(Task input)
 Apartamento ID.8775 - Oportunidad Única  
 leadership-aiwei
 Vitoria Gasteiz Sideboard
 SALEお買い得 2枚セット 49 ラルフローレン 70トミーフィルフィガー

* * *

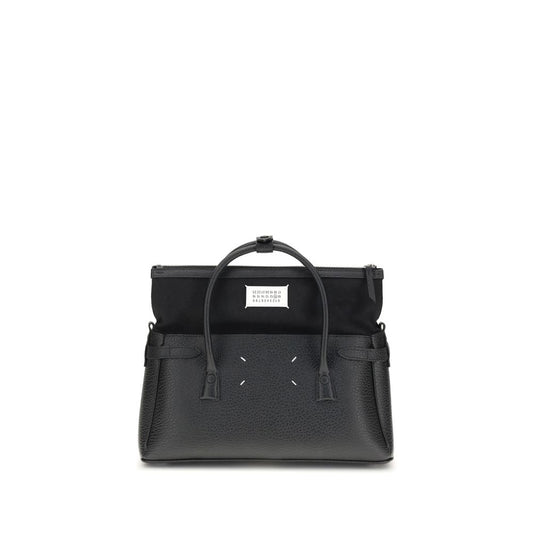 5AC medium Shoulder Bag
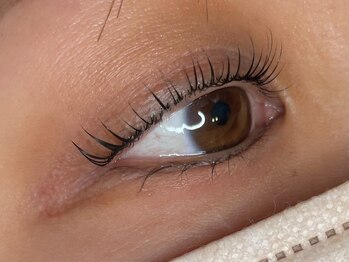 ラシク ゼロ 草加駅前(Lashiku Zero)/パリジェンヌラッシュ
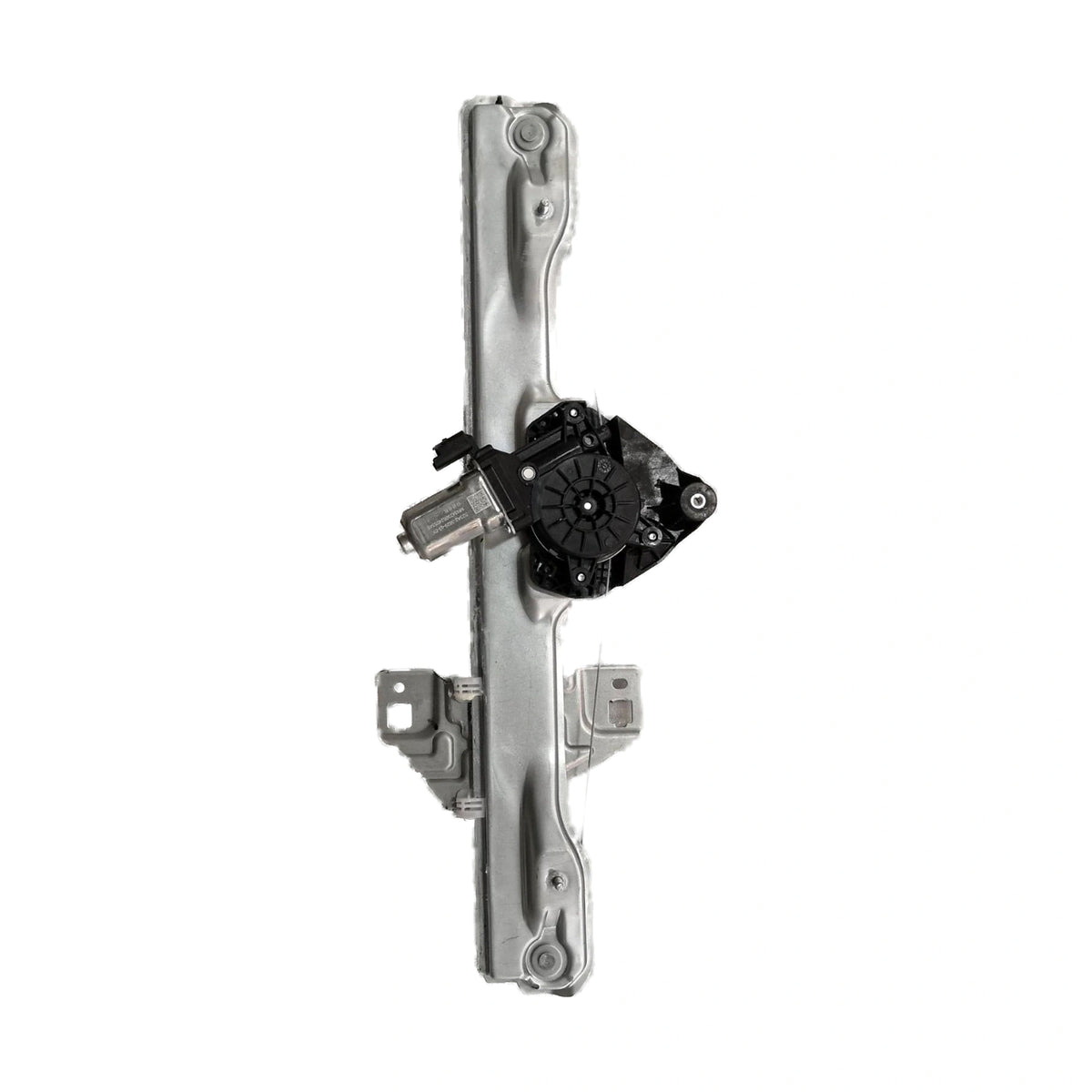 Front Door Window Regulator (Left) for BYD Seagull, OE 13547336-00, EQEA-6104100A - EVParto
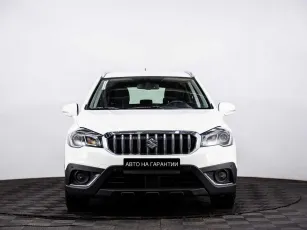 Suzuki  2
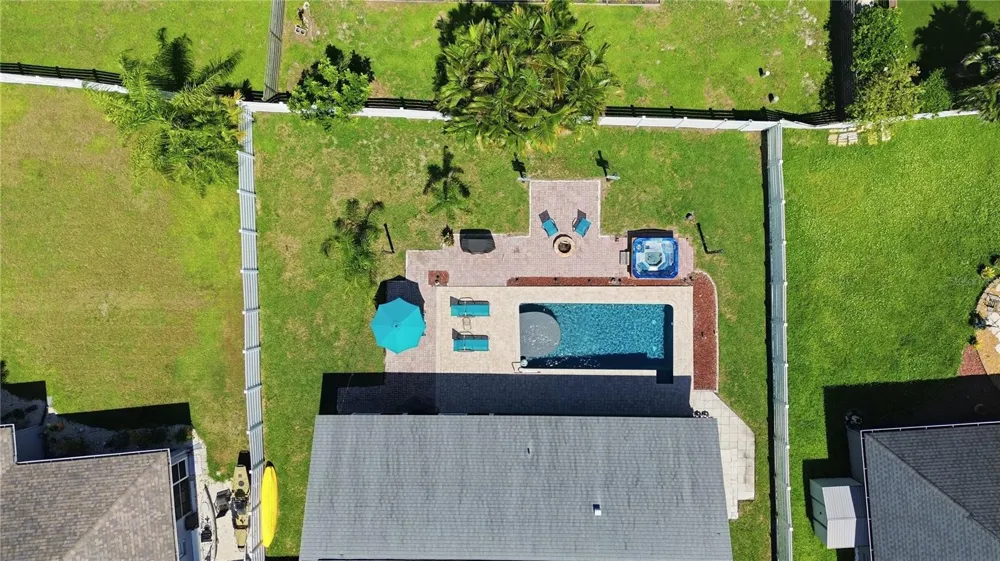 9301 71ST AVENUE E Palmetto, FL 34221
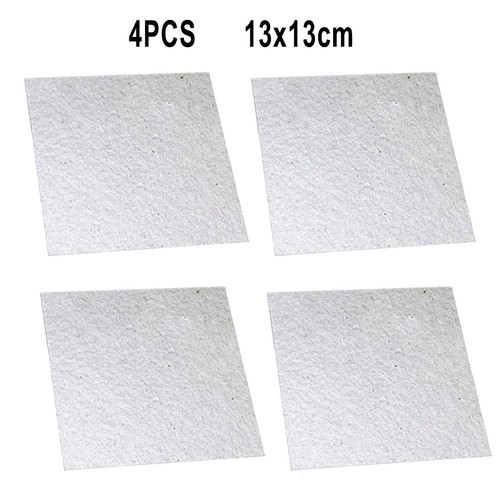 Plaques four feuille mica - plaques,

(The problem) Copy exactly the material above from the line with "9301 71ST AVENUE E Palmetto, FL 34221" to the line with "Plaques four feuille", ends included, and nothing else. Leave out any picture.

(Answer for the task)
 9301 71ST AVENUE E Palmetto, FL 34221
 Plaques four feuille mica - plaques,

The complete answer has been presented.